Особенно поддержал молодого композитора виолончелист Иосиф Чернявский _ 1. Черепнин же подначивал ученика, говоря, что в городе, мол, уже
запасаются дохлыми кошками, тухлыми яйцами да гнилыми яблоками.
Наконец, на генеральную репетицию явился художественный цвет столицы:
художник и критик, старый товарищ Дягилева Александр Бенуа, дирижёр
Мариинского театра Альберт Коутс, соученик Прокофьева по Консерватории,
другой дирижёр Мариинки Николай Малько, Альфред Нурок, и даже
зять Римского-Корсакова Максимилиан Штейнберг, недавно произведённый
из старших преподавателей в профессора композиции в Консерватории…
Бенуа, Малько, Нурок с энтузиазмом приветствовали услышанное.
Коутс, сам уроженец Петербурга и большой пропагандист новой русской
музыки, стал радостно справляться, как продвинулась работа композитора
над «Игроком». В зале находился и Александр Зилоти, утверждавший,
что Прокофьев здорово влепит «Сюитой» всей консервативной публике
по морде.

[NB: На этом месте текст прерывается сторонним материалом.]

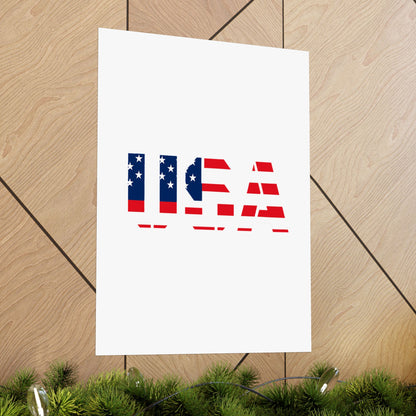 USA Patriotic Wall Art Poster, Red White Blue Home Decor, Fourth of July Decoration, American Flag Art, Independence Day Gift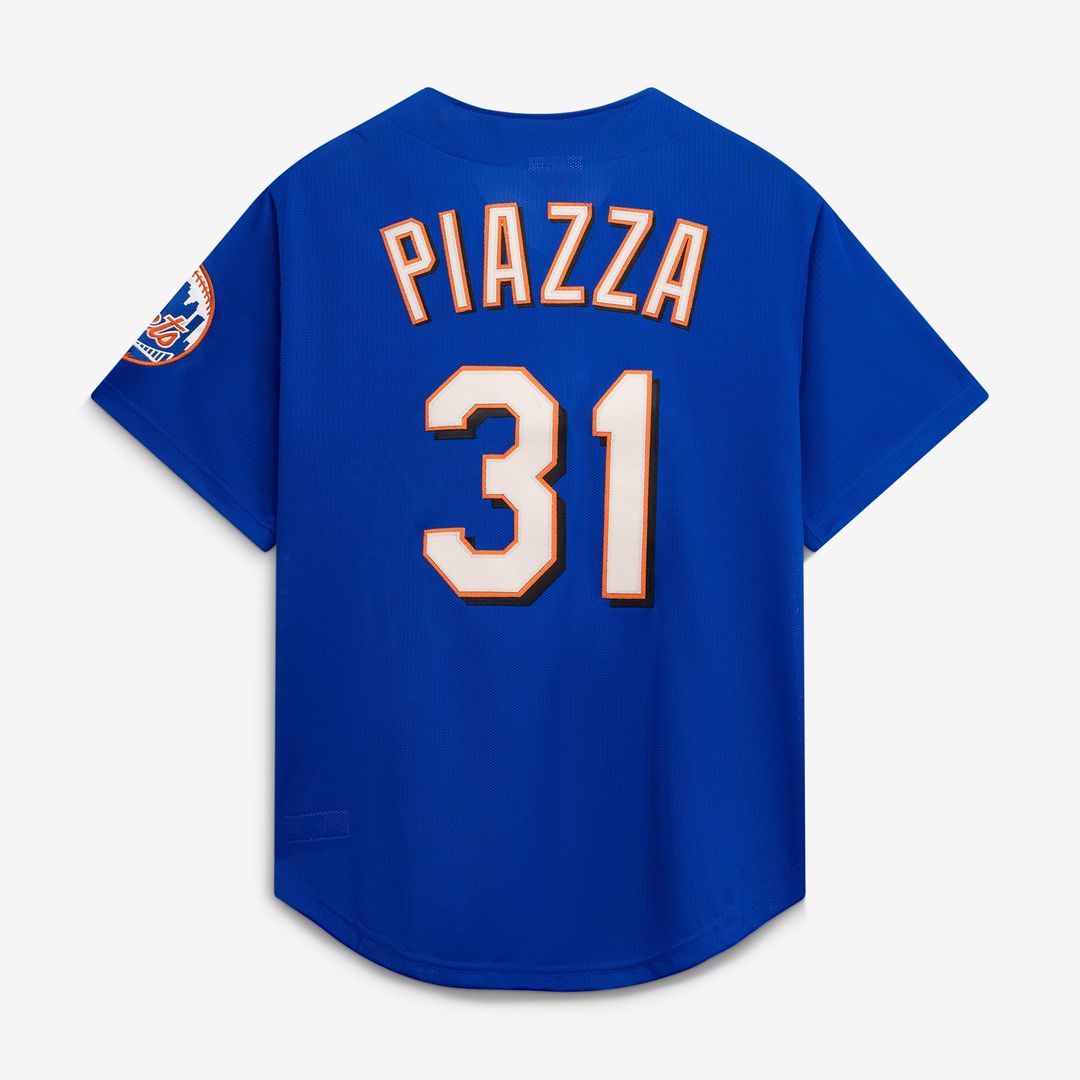 Mike Piazza New York Mets Mitchell & Ness Cooperstown Collection Mesh Batting Practice Button-Up Jersey - Royal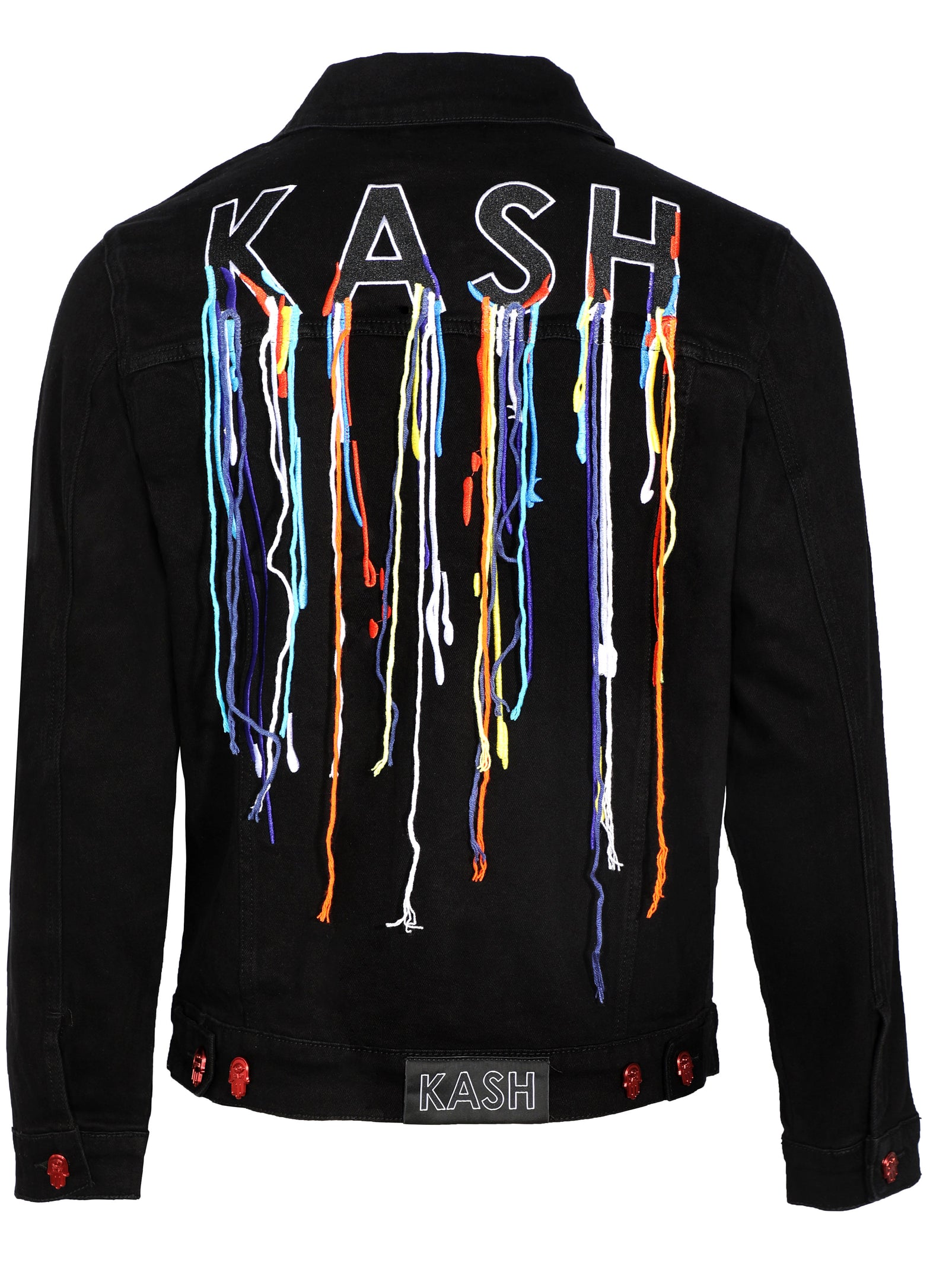 DENIM JACKET WITH MULTICOLOR STRINGS - BLACK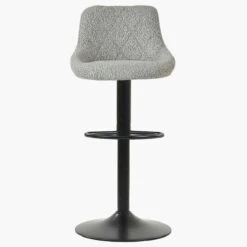 Fleur Stone Grey Boucle Black Base Breakfast Stool -Furniture Specialty Store fleur beige 3
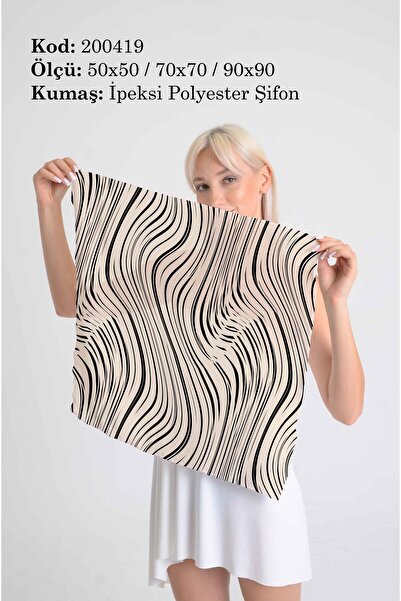 DESENİX وشاح منقوش باللون الأسود |   خلفية بيج لامعة |   50x50 - 70x70 - 90x9...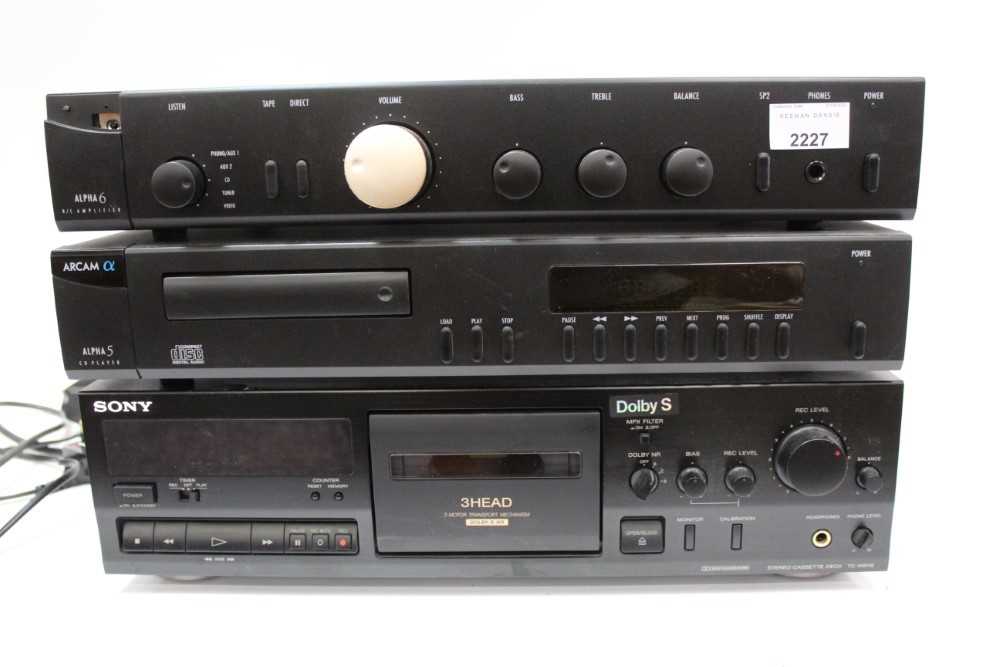 Lot 2227 - Arcam Alpha 5 CD player,  Arcam Alpha 6 amplifier and a Sony tape deck, plus a selection of manuals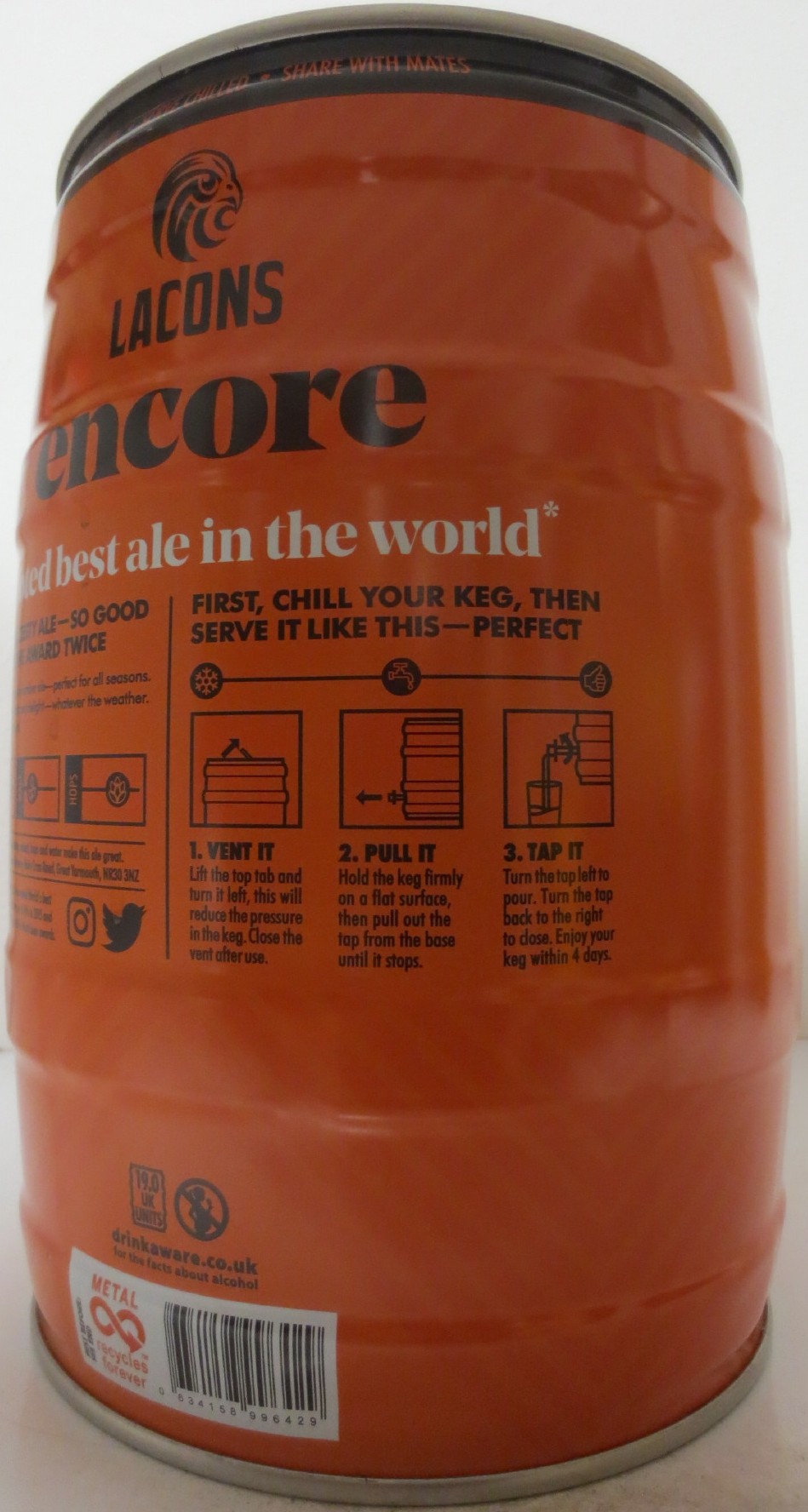 LACONS encore AMBER ALE sip.savour.repeat (5L) Nr.1 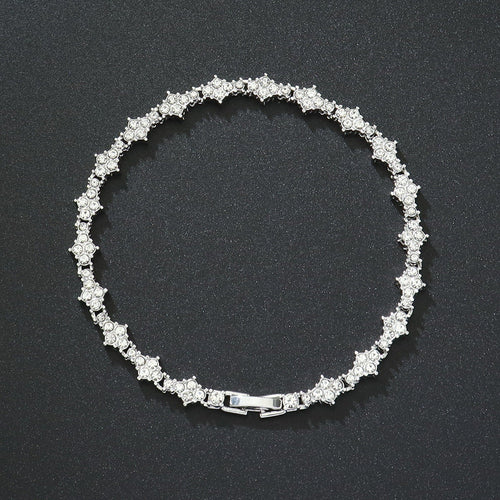 Pulsera de tenis clásica con racimos | Oro blanco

Ругался только – чем дальше, тем больше – отрицавший
любую новаторскую музыку Штейнберг _ 2.

16/29 января 1916 года «Скифская сюита» была триумфально исполнена
в Мариинском театре под управлением самого Прокофьева. Школа дирижирования,
полученная у Черепнина, оказалась очень кстати. Дзбановский писал
в «Вечернем времени» по свежим следам исполнения: «Дирижировал
автор с увлечением. Оркестр играл на славу. Первая часть сюиты
была принята с недоумением. А вторую и третью части аплодировали,
последняя же часть вызвала жаркую схватку между двумя партиями
слушателей: одни восторженно аплодировали, другие злобно шикали» _ 3. Ударные звучали так громко, что шкура на литаврах порвалась.
Глазунов во время исполнения финального «Шествия Солнца» встал
и демонстративно вышел из зала. Потом он столь же демонстративно
в зал вернулся. Но стареющий рыцарь классического оркестра оказался
в одиночестве. Мясковский, специально приехавший на один вечер
с военно-инженерной службы в Ревеле, по впечатлению Прокофьева,
«немного ошалел» от услышанного. Под воздействием концерта он
написал редактору московской «Музыки» Владимиру Держановскому:
«…изумительно и по содержанию и по ошеломительной звучности. Что
наш Серж – гений, сомнений для меня нет. Стравинский – щенок,
лопотун» _ 4. Нурок и Нувель признались, что, увы, проглядели в игранных
им в 1915 эскизах «Алы и Лоллия», то, что с изумлением слышат
сейчас. Демчинский тоже был под впечатлением. Оссовский, член
совета Российского музыкального издательства, пообещал поставить
на совете вопрос о приёме Прокофьева в постоянные авторы _ 5.

Отклики прессы превосходили даже самые смелые ожидания. Те, кто
как Курдюмов из «Театрального листка», явно не принимали «Сюиты»
всего-то и могли сказать, что музыка оскорбляет их чувство прекрасного:
«Надо думать, что наши отдалённые предки скифы, действительно,
признали бы эту сюиту своей, ибо музыка её поистине дикая.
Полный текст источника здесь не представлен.